Captioned web images:
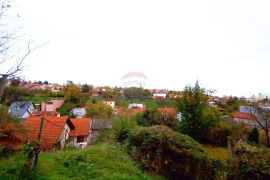 Črnomerec, kuća 233m2, odlična lokacija, Črnomerec, Haus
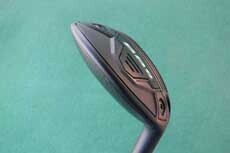 Progress BB6 Utility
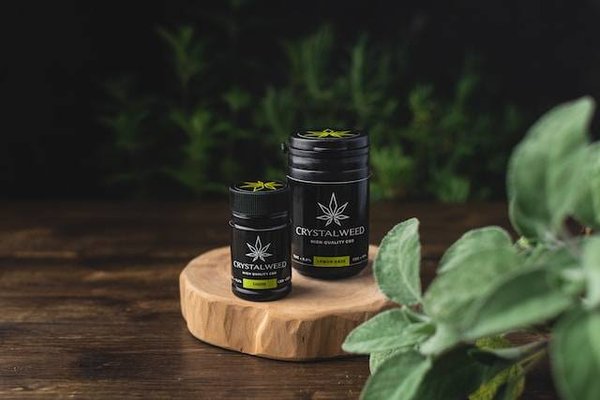 Les produits de beauté au CBD : Qu'en pensent les consommateurs et à quel prix les trouver ?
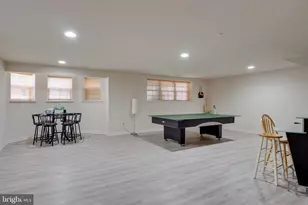 42718 Explorer, Ashburn, VA 20148 - Photo 37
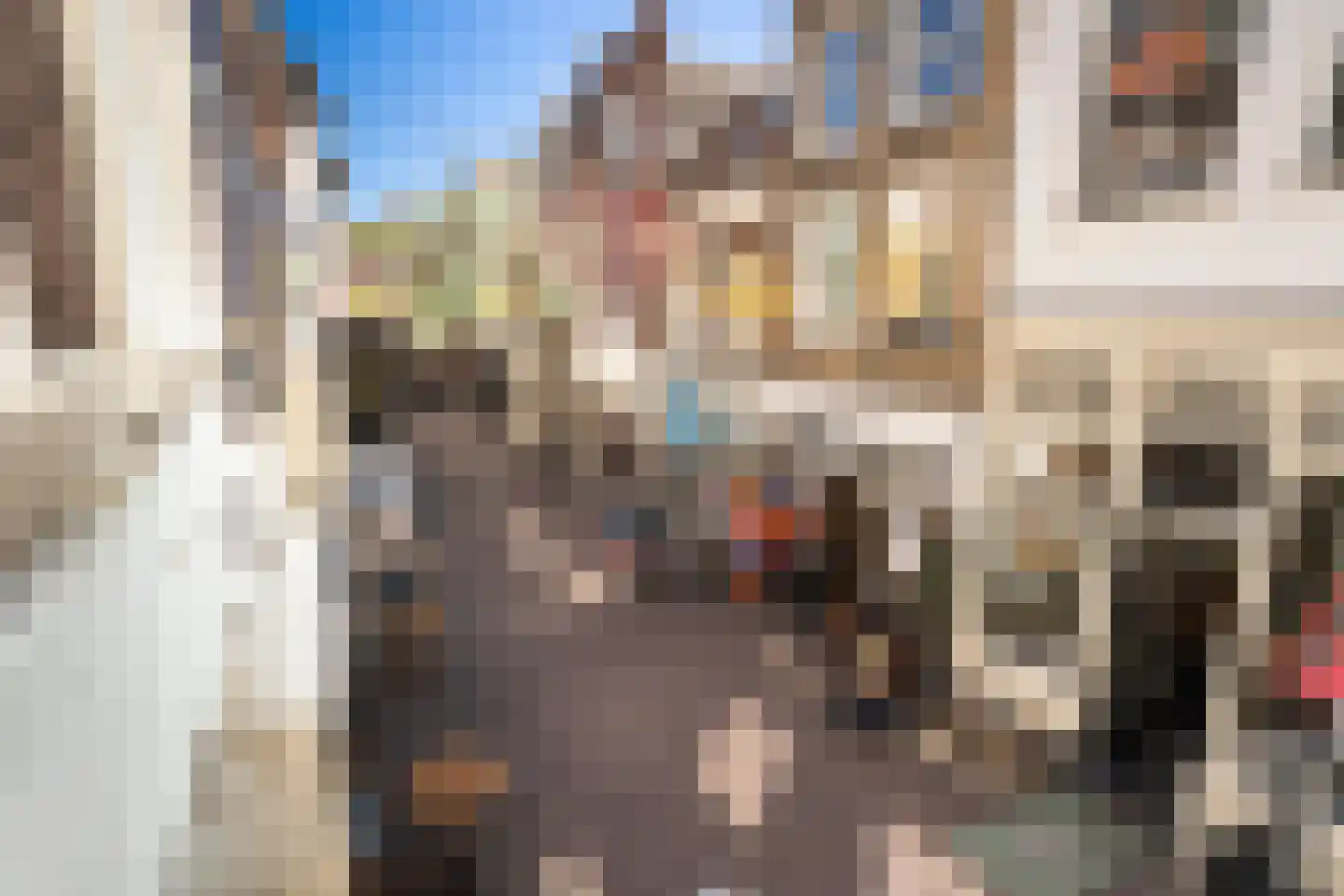 Korte Groenendaal 24 Gouda thumbnail 39
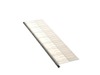 10372167-3-S-Ice-O-Matic-1011411-07-Curtain Assembly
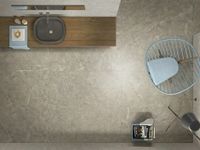 Товар: Керамогранит NT Ceramic Quanta Grey арт-NS36NTT9023 - фото 5 Керамогранит NT Ceramic Quanta Grey арт-NS36NTT9023 — фото 5, Керамогранит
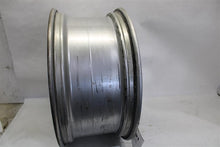 Load image into Gallery viewer, WHEEL RIM A4 S4 09-16 19x8-1/2 ALLOY - 1137635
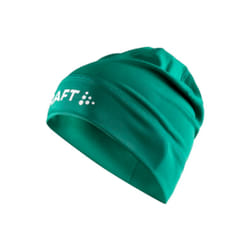 Bonnet Craft pro control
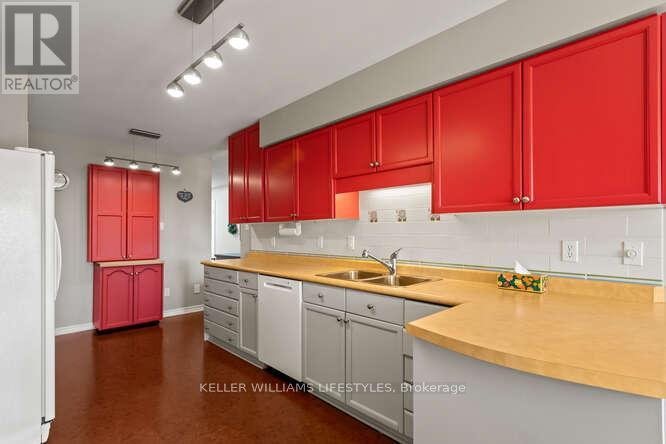 52 - 1500 Richmond Street, London North, Ontario  N6G 4T7 - Photo 13 - X13013900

▶ [TASK TO CARRY OUT]:
Exactly retype each record above, dropping images.

▶ [EXERCISE SOLUTION]:
 Črnomerec, kuća 233m2, odlična lokacija, Črnomerec, Haus
 Progress BB6 Utility
 Les produits de beauté au CBD : Qu'en pensent les consommateurs et à quel prix les trouver ?
 42718 Explorer, Ashburn, VA 20148 - Photo 37
 Korte Groenendaal 24 Gouda thumbnail 39
 10372167-3-S-Ice-O-Matic-1011411-07-Curtain Assembly
 Товар: Керамогранит NT Ceramic Quanta Grey арт-NS36NTT9023 - фото 5 Керамогранит NT Ceramic Quanta Grey арт-NS36NTT9023 — фото 5, Керамогранит
 Load image into Gallery viewer, WHEEL RIM A4 S4 09-16 19x8-1/2 ALLOY - 1137635
 Bonnet Craft pro control
 52 - 1500 Richmond Street, London North, Ontario  N6G 4T7 - Photo 13 - X13013900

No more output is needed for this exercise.